Nonlinear and Hysteretic Twisting Effects in Ocean Cable Laying

[+] Author and Article Information
A. J. Shashaty

Bell Laboratories, Whippany, N.J. 07981

J. Energy Resour. Technol 105(3), 341-345 (Sep 01, 1983) (5 pages) doi:10.1115/1.3230925 History: Received January 19, 1982; Revised January 24, 1983; Online October 22, 2009

Abstract

Armored ocean cable unlays under the action of installation tensions and restraining moments applied by the ocean bottom and the ship’s bow sheave. The process of elongation and twist is nonlinear and hysteretic. This process has often been assumed linear and reversible. The equations describing the moment which is developed in laying cable on the ocean bottom are worked out, without assuming linearity and reversibility. These equations are applied to some cases likely to arise.
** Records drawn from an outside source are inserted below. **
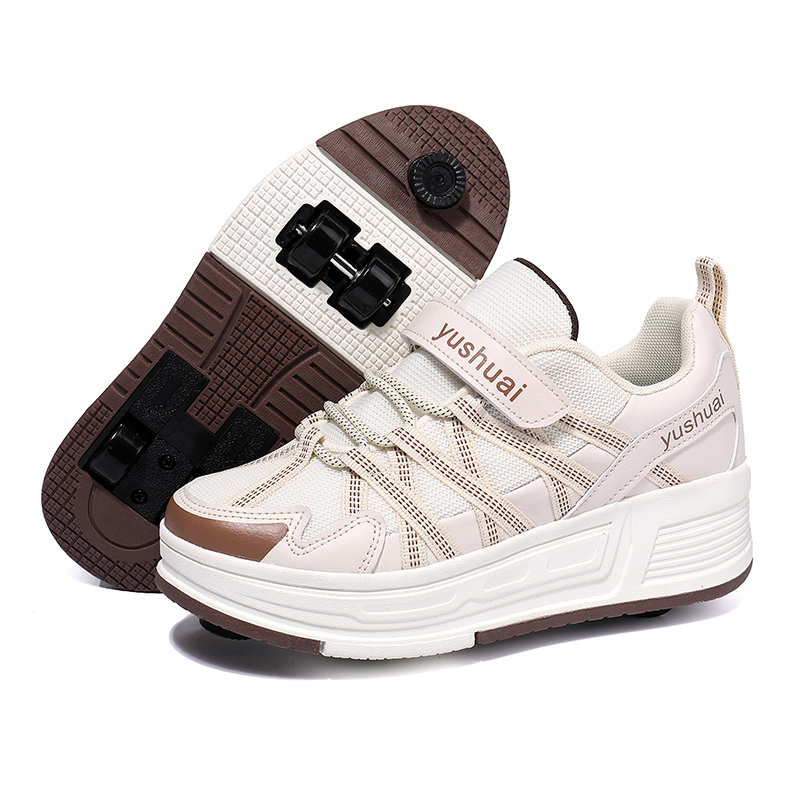 Running Shoes - รองเท้าสเก็ตบอร์ดสำหรับเด็กผู้หญิงและเด็กผู้ชาย แบบมีล้อสี่ล้อ ซ่อนล้อได้อัตโนมัติ และสามารถเดินได้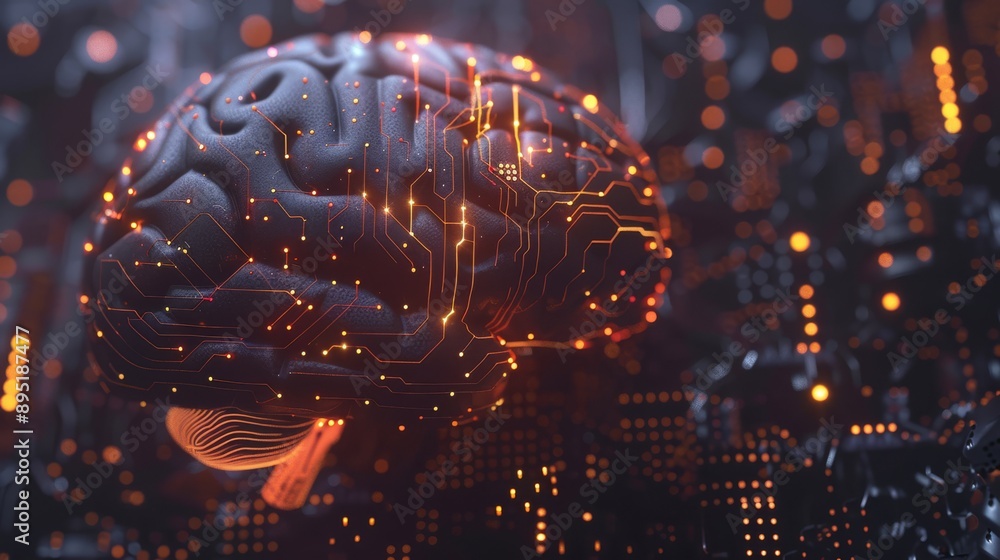 An imaginative portrayal of a human brain merged with sophisticated neural networks and digital circuitry An imaginative portrayal of a human brain merged with sophisticated neural networks and digital circuitry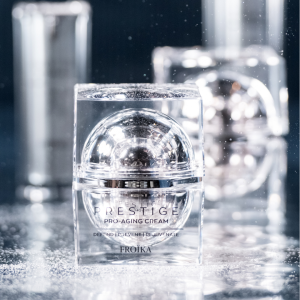 Froika Prestige Pro-aging cream in front of the rest of the products of Prestige line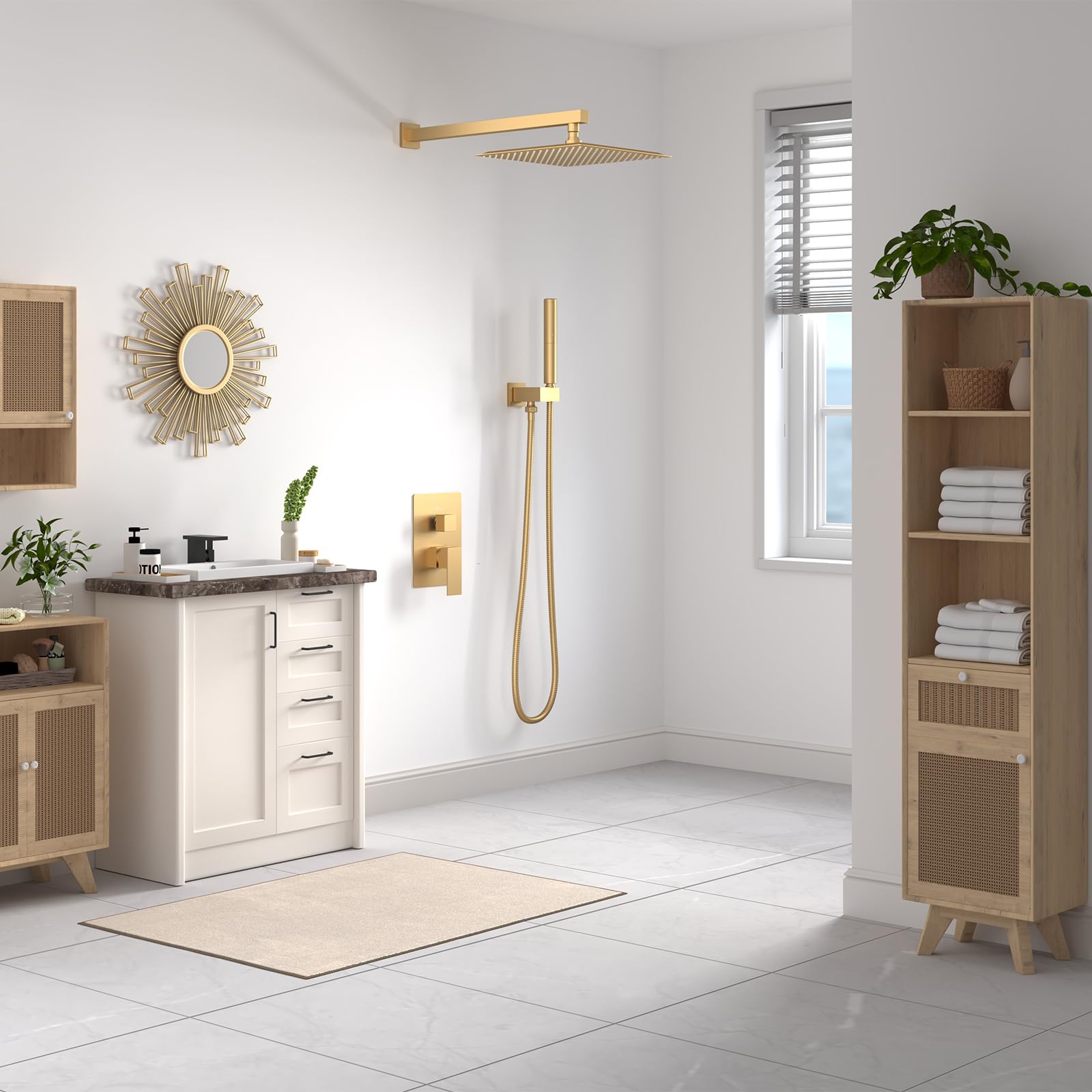 BESy brushed gold finish shower head adds elegance and durability.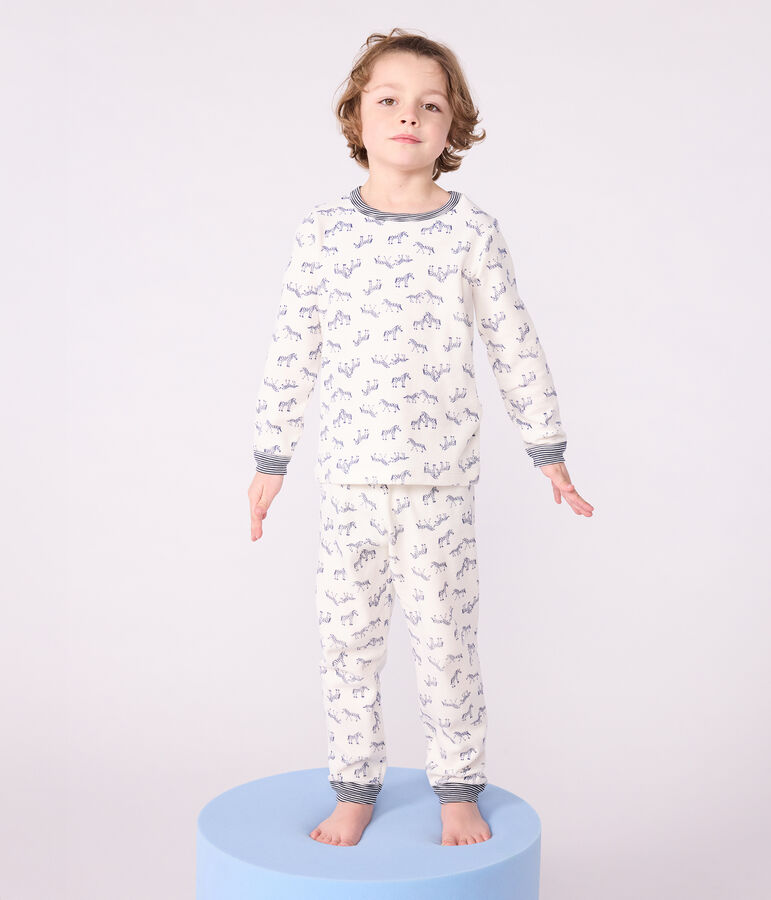 Children's velour pyjamas with a zebra print Ecru/blue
For a typical armored coaxial cable laid in 3700-m (2000-fathoms) depth without bottom tension, a steady-state laying-up moment of 134 Nm (99 lbf. ft) is developed. For the reversible case, no moment is developed. If the bottom tension is increased from zero to 33,375N (7500 lbf) and then returned to zero, a peak moment of 198Nm (146 lbf. ft) is developed.